Work instructions |
Lines from the one with "Beautiful modern couple" through the end of the records, and no others, are what the answer should contain, copied exactly; please keep pictures out.
(Supplied records begins)
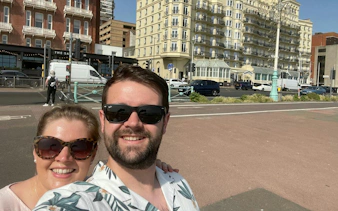Couple enjoying a sunny day in front of historic Brighton buildings during a self-guided city exploration game.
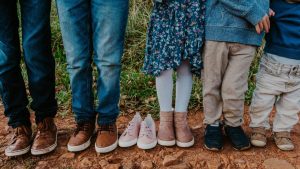 Family shoes with a missing pair of feet after a loss 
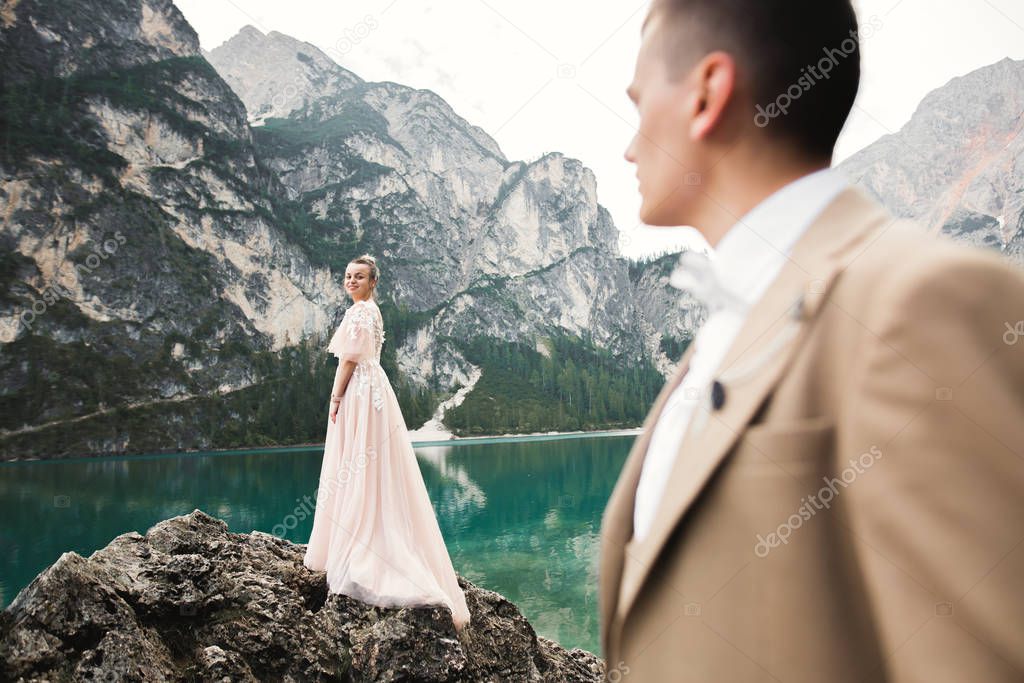 Beautiful modern couple near a lake in the mountains make wedding photos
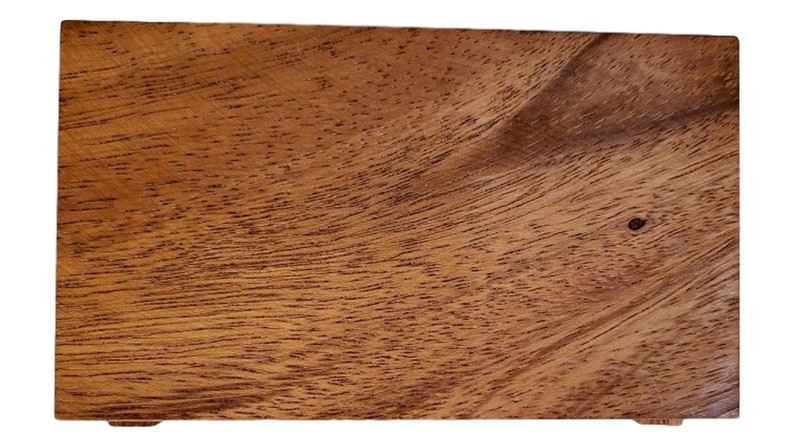 May include: A rectangular wooden box with a natural wood grain finish. The box has a light brown color and a smooth surface.
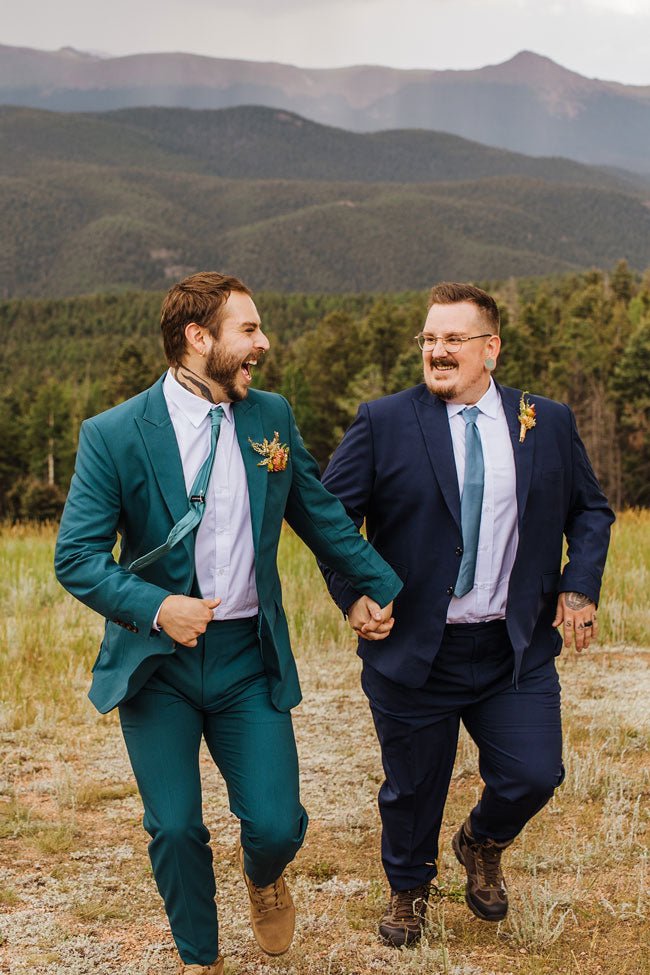 two grooms holding hands and running up the hillside in their wedding suits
(Supplied records ends)
Answer section |
 Beautiful modern couple near a lake in the mountains make wedding photos
 May include: A rectangular wooden box with a natural wood grain finish. The box has a light brown color and a smooth surface.
 two grooms holding hands and running up the hillside in their wedding suits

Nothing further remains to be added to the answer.